_Work to be completed_. Print out the data precisely as it appears here, with no pictures.

____ Collected data

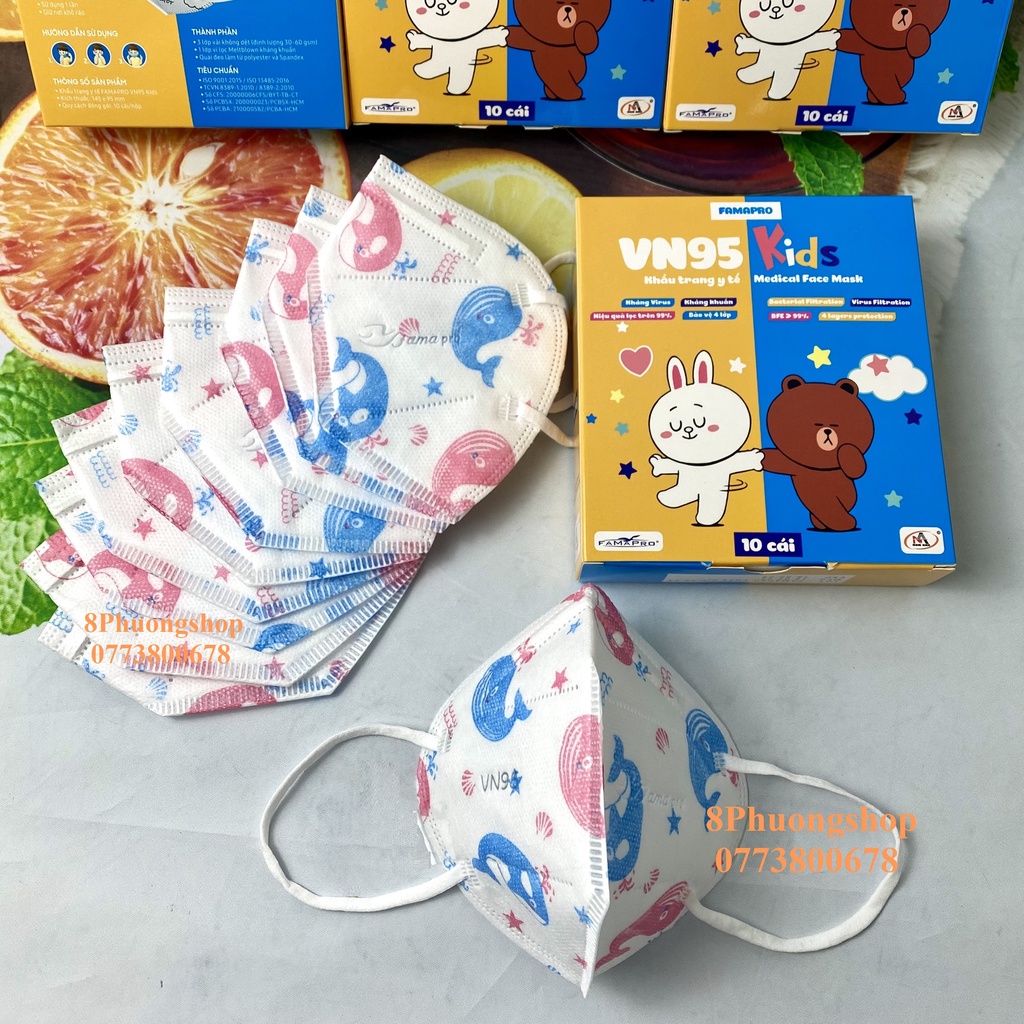 Khẩu trang FAMAPRO VN95 KIDS cho Bé in hình 4 lớp kháng khuẩn 10 cái / hộp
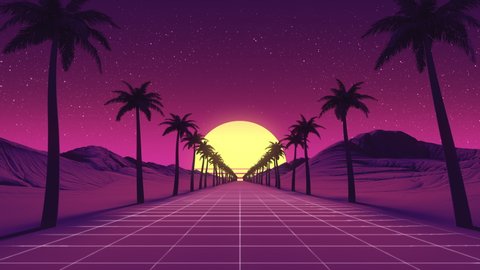 Camera moves along syntwave wiframe net. Palm trees around the road. Retrowave landscape. Sunset above the horizon. Bright glowing sun. 80s, 90s style 3D footage. Neon lights. Retro futuristic 4K clip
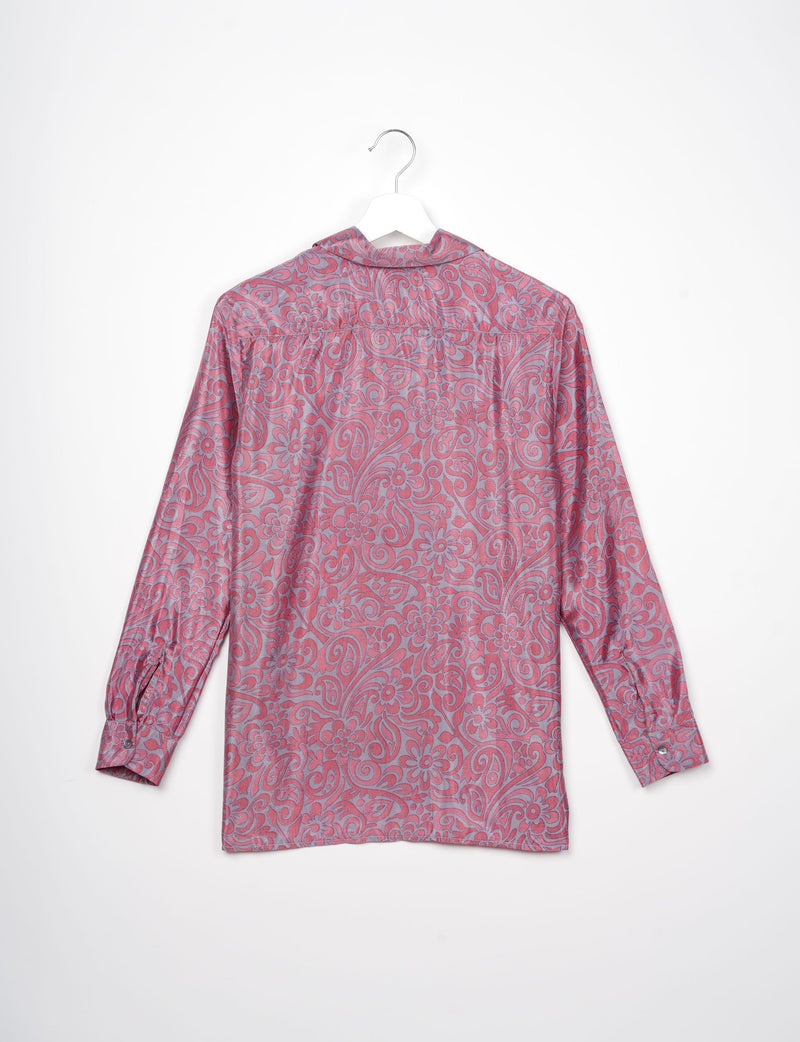 Pink floral patterned long-sleeve resort shirt shown from the back on a white hanger against a white background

________

_Answer to the exercise_.
 Khẩu trang FAMAPRO VN95 KIDS cho Bé in hình 4 lớp kháng khuẩn 10 cái / hộp
 Camera moves along syntwave wiframe net. Palm trees around the road. Retrowave landscape. Sunset above the horizon. Bright glowing sun. 80s, 90s style 3D footage. Neon lights. Retro futuristic 4K clip
 Pink floral patterned long-sleeve resort shirt shown from the back on a white hanger against a white background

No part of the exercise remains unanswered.